“I don’t know.” Those may be the three most important words for an investor. (Four if you want to picky.) The literature on behavioral finance has improved our knowledge of investor behavior over the past decade.

One common finding is that investors, and people in general, are overconfident in their abilities. Whether the question pertains to answering trivial facts, our driving abilities, or our stock-picking skills, if you ask a sample of people a sizeable majority of them will claim to be above average.

Rather than looking at “I don’t know,” as an admission of ignorance, investors should look at it as a sign of humility. There are too many stocks, bonds, funds, and ETFs for any one to know enough about some of them, let alone all of them.
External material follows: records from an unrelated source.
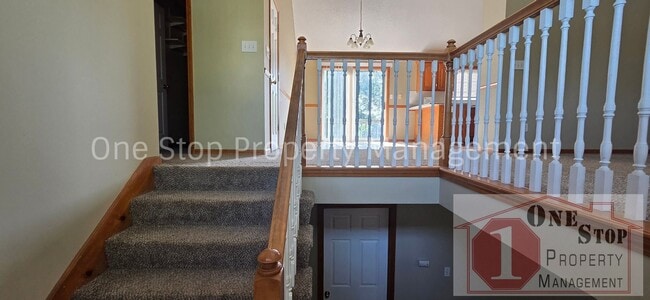 Building Photo - 4 Bedroom, 2.5 Bathroom home in Belton!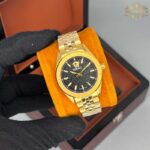 ساعت مچی زنانه ورساچه طلایی صفحه مشکی Versace 6459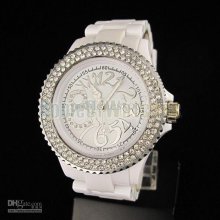 5pcs Uxury Lady Ladies White Face Diamond Ladies Quartz Analog Wrist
Warren Buffett came under some criticism during the Internet mania for not investing in technology stocks, let alone Internet stocks. Buffett viewed technology stocks to be outside of his core investing competence. In short, there is no shame in saying those three words.

This point was driven home this week when reading Barron’s this weekend. Sandra Ward interviewed Charles de Vaulx manager of the First Eagle Global Fund (SGENX). de Vaulx has a classic comment you do not often hear from investment managers.

What is your favorite investment now?

There is nothing. (emphasis added) When I look at the top 10 holdings of the fund, there are pretty good companies, businesses with a scope for some intrinsic value to grow over time, companies that have superb balance sheets so they are not about to go bankrupt, but there is nothing dirt-cheap that we are totally excited about.

No forced quips. de Vaulx feels comfortable saying there are no compelling buys out there. One group that is never at a loss for something to say are investment strategists. Michael Santoli in Barron’s surveys Wall Street’s investment strategists and finds no shortage of opinions. While some of these strategists have something interesting to say about the economy and stock market, the simple act of having to constantly forecast the market puts them on shaky ground.

Excellent investors are constantly questioning the underlying assumptions behind their investments. Some times that involves deliberately seeking out contrasting opinions. This may seem like simply seeking out another set of forecasters, but the point is a subtle one. Opinions without some sort of factual or statistical basis are indeed useless. However an intentional search for variant information can help one become a stronger, and more humble investor.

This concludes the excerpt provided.